▶ _Exercise_:
Once you find the line with "1596 American Beauty Dr" in the entries below, print it and each line after it up to and including the line with "Casa de LUX P+1 in Bucium Family Market", exactly, without pictures.

▶ _Given data_:
-- Opening Marker --
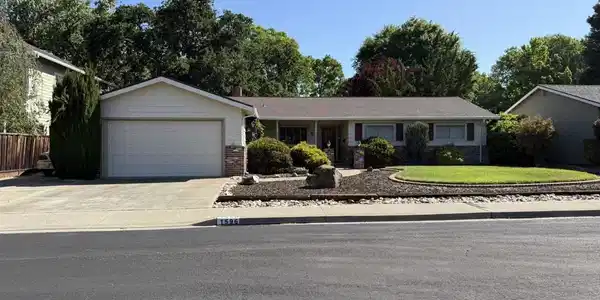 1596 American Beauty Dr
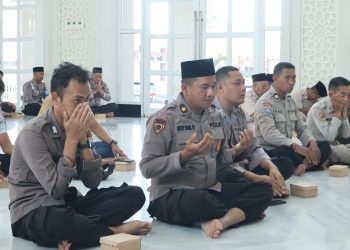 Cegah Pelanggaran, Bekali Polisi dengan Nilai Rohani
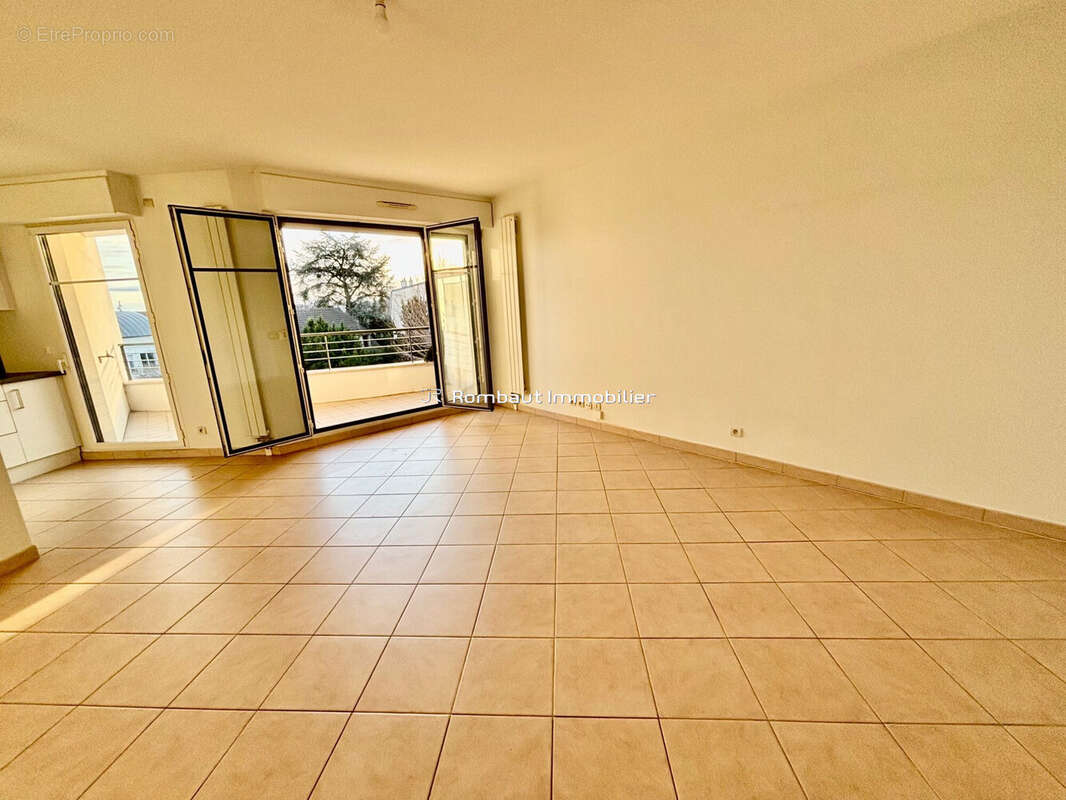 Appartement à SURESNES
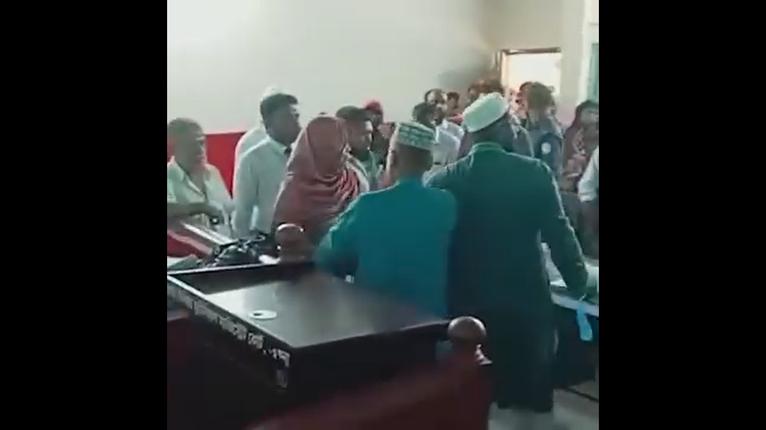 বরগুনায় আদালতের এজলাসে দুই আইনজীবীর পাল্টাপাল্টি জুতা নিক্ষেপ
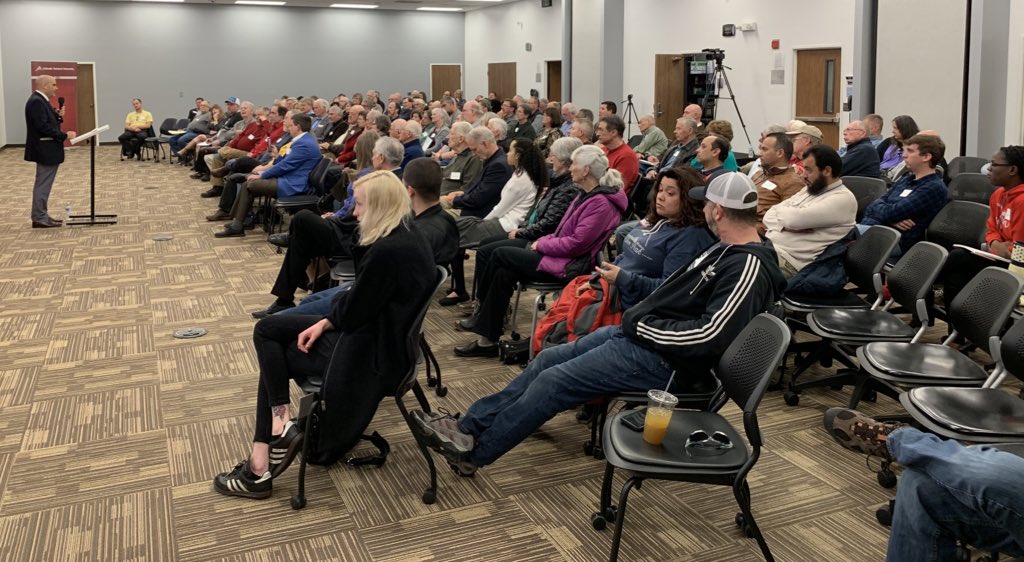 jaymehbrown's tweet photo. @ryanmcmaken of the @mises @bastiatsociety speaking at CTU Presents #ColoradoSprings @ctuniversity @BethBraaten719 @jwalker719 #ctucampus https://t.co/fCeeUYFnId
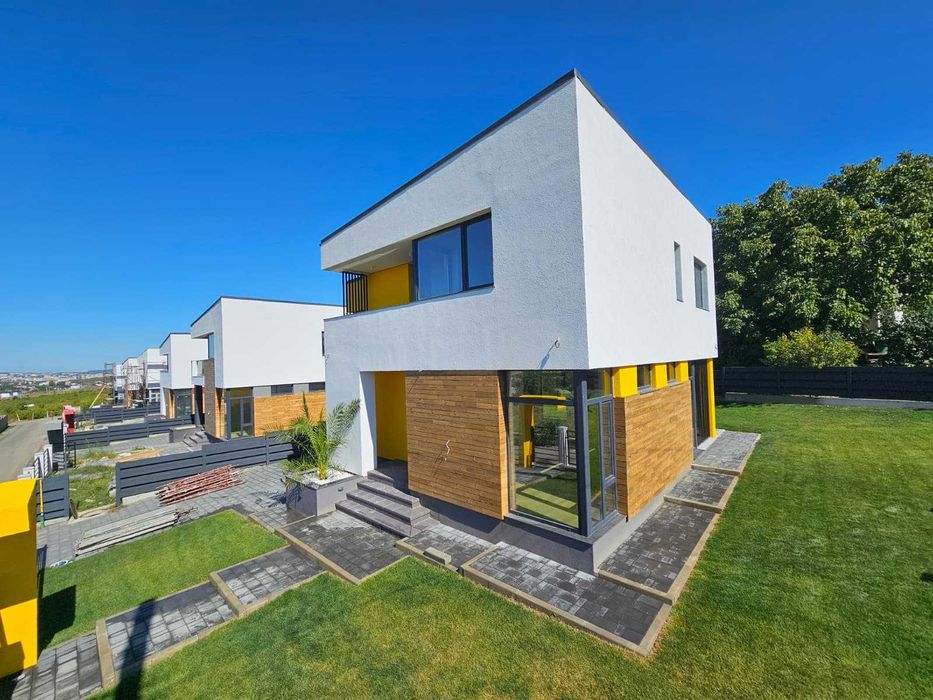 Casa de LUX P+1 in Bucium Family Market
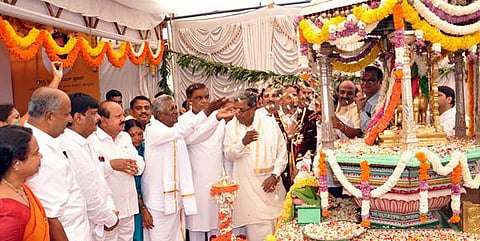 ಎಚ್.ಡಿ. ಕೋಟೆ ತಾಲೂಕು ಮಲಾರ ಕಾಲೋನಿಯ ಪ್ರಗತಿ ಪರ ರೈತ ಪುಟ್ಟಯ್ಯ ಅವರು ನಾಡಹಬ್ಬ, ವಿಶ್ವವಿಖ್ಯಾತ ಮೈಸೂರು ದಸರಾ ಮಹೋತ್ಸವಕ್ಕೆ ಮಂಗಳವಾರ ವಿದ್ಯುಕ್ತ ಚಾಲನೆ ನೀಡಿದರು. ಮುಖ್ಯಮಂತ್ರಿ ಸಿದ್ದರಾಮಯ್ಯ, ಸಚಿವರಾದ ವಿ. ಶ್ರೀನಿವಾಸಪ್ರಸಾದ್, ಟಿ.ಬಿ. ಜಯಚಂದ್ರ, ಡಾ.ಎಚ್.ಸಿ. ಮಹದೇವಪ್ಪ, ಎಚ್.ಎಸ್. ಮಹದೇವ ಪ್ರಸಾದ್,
-- Closing Marker --
-- Opening Marker --
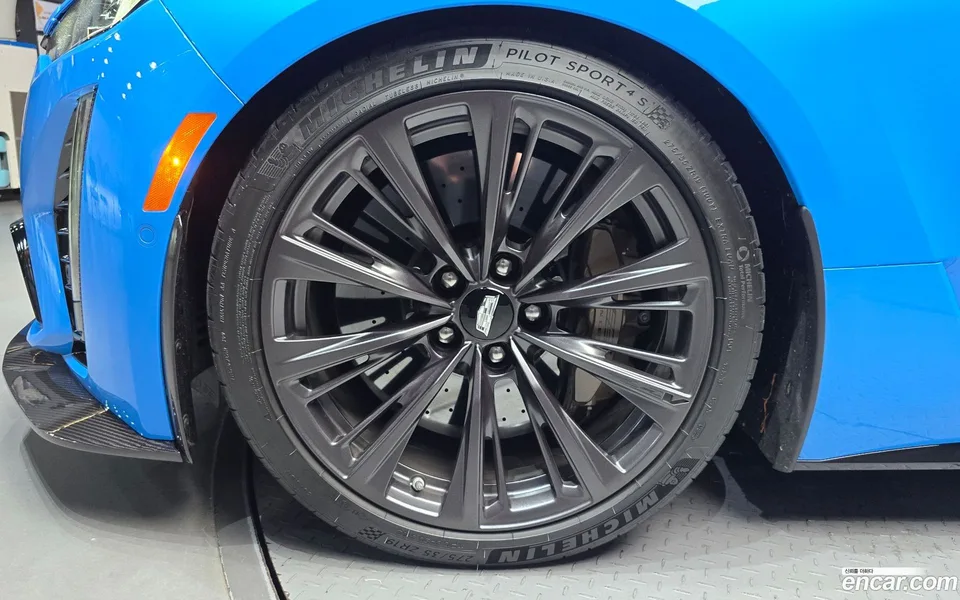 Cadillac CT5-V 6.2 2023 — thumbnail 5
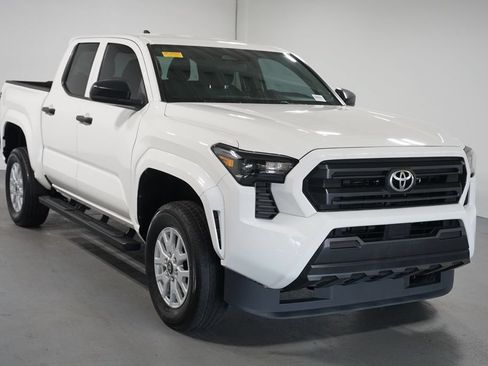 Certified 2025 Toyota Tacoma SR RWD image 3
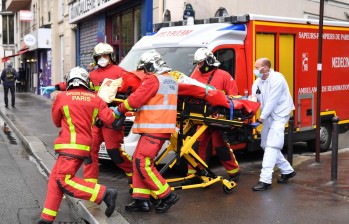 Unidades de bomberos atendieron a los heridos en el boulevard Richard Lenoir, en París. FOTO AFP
-- Closing Marker --
-- Opening Marker --
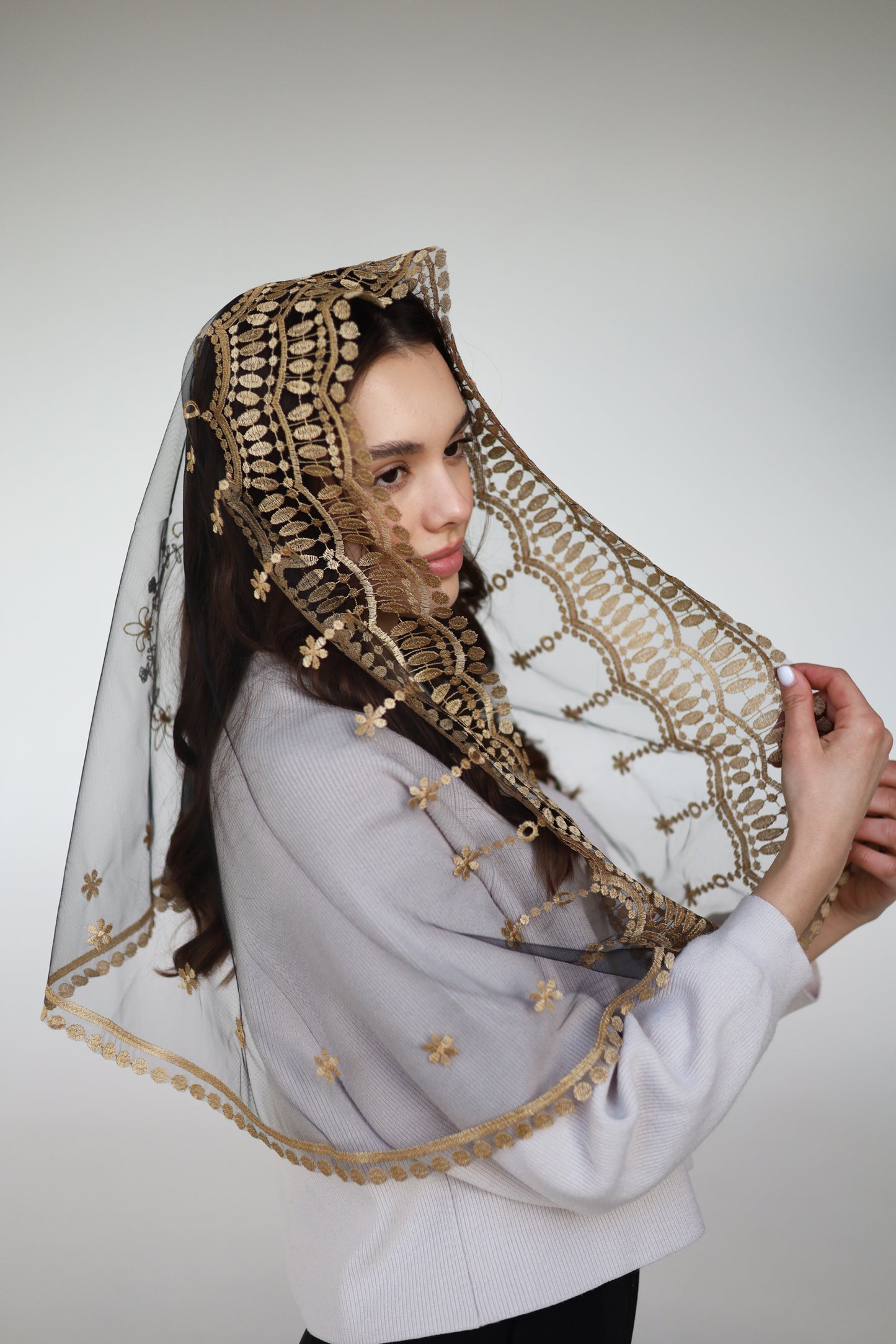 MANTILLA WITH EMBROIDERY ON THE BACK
-- Closing Marker --
▶ _Answer for this exercise_:
 1596 American Beauty Dr
 Cegah Pelanggaran, Bekali Polisi dengan Nilai Rohani
 Appartement à SURESNES
 বরগুনায় আদালতের এজলাসে দুই আইনজীবীর পাল্টাপাল্টি জুতা নিক্ষেপ
 jaymehbrown's tweet photo. @ryanmcmaken of the @mises @bastiatsociety speaking at CTU Presents #ColoradoSprings @ctuniversity @BethBraaten719 @jwalker719 #ctucampus https://t.co/fCeeUYFnId
 Casa de LUX P+1 in Bucium Family Market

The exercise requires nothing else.